Mark Cavendish won the final stage of this year’s Giro d’Italia.

The last time Mark Cavendish was preparing to start the Tour de France, two years ago, the matter of Eddy Merckx’s record was hardly even part of the conversation. After not winning a Tour stage since 2016, the question was whether he could win one at all in 2021, not if he could win several. With 30 stage wins to his name at the time, the overall record still seemed far off. Over those three weeks in France, though, the Manxman turned the narrative on its head. He won not one but four stages, rocketing himself into equalling Merckx’s record of 34 career wins at the Tour.

Lining up for his final Tour de France after announcing his retirement earlier this year, there’s only one question everyone is asking. Not only can he win a stage, but can he win a stage and therefore break Merckx’s record? Cavendish is just one victory away from making history - setting a record that may never be broken - but that one victory is perhaps the biggest, most pressurised of his career. It’s not just a win, it is the win. That, combined with the undeniable fact that the 38-year-old is in the twilight of his career and relying on a new team and new lead out, means that this may be the hardest win to achieve.

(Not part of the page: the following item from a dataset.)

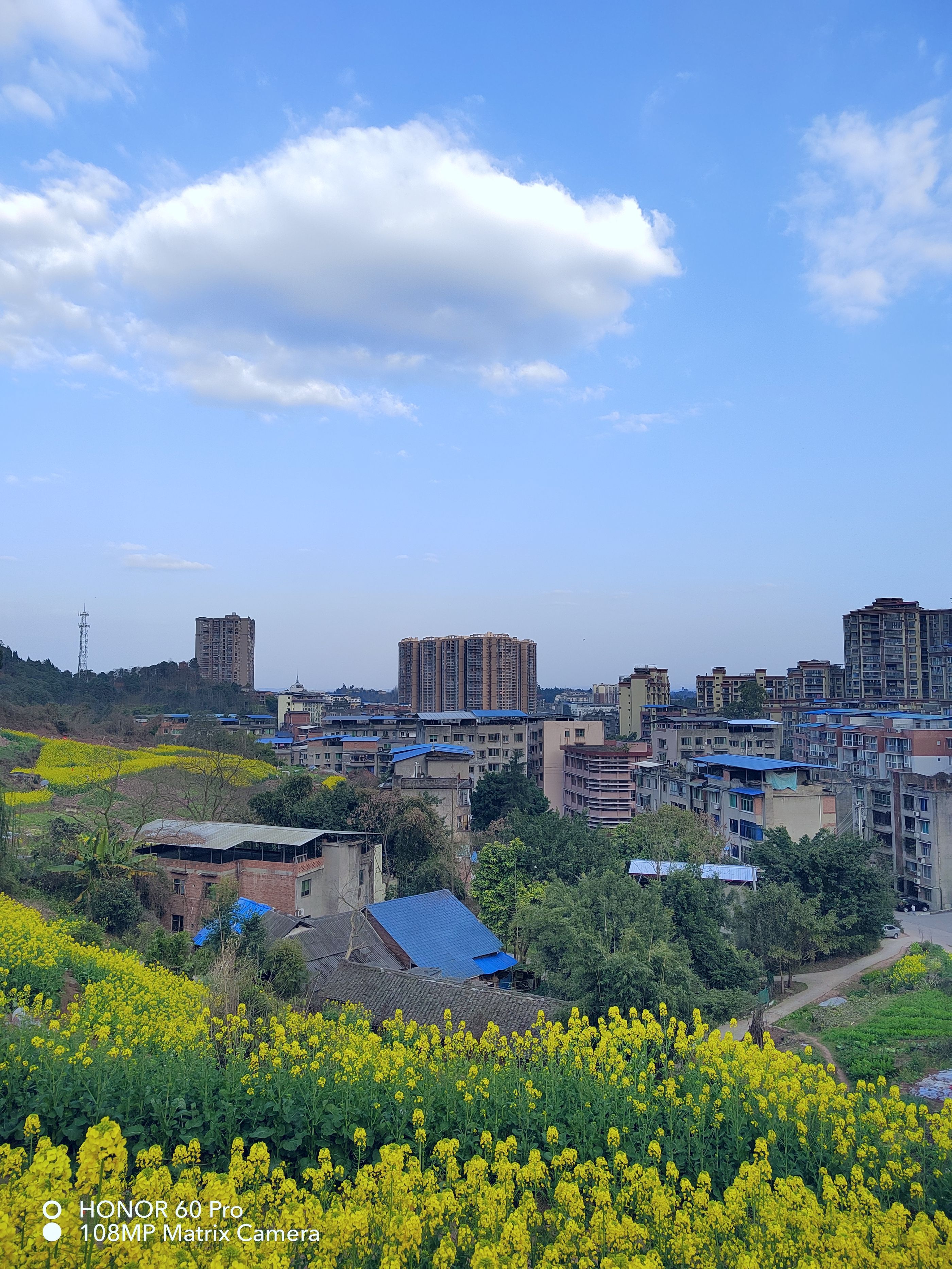 荣耀新出的手机荣耀60pro怎么样,荣耀60pro手机有哪些黑科技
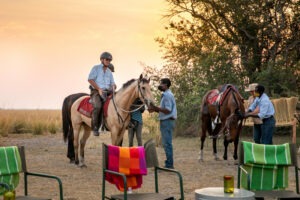 zambia simalaha horse safaris 22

In the face of all those factors, can Mark Cavendish take a record-breaking stage victory in his final ever Tour de France? Despite the height of the challenge, the consensus among people who have raced and worked with Cavendish over the last 15 years is that winning a stage is certainly within his capability, if he can navigate the pressure. With a Giro stage win under his belt, and trusted former lead-out man Mark Renshaw joining Astana-Qazaqstan as a consultant just to help Cavendish’s sprint, his chances are looking better and better.

For Rolf Aldag, who directed Cavendish for almost all of his biggest wins from the 2008 Tour with Team Columbia to his last stages in 2016 with Team Dimension Data, Cavendish can’t be written off at this Tour.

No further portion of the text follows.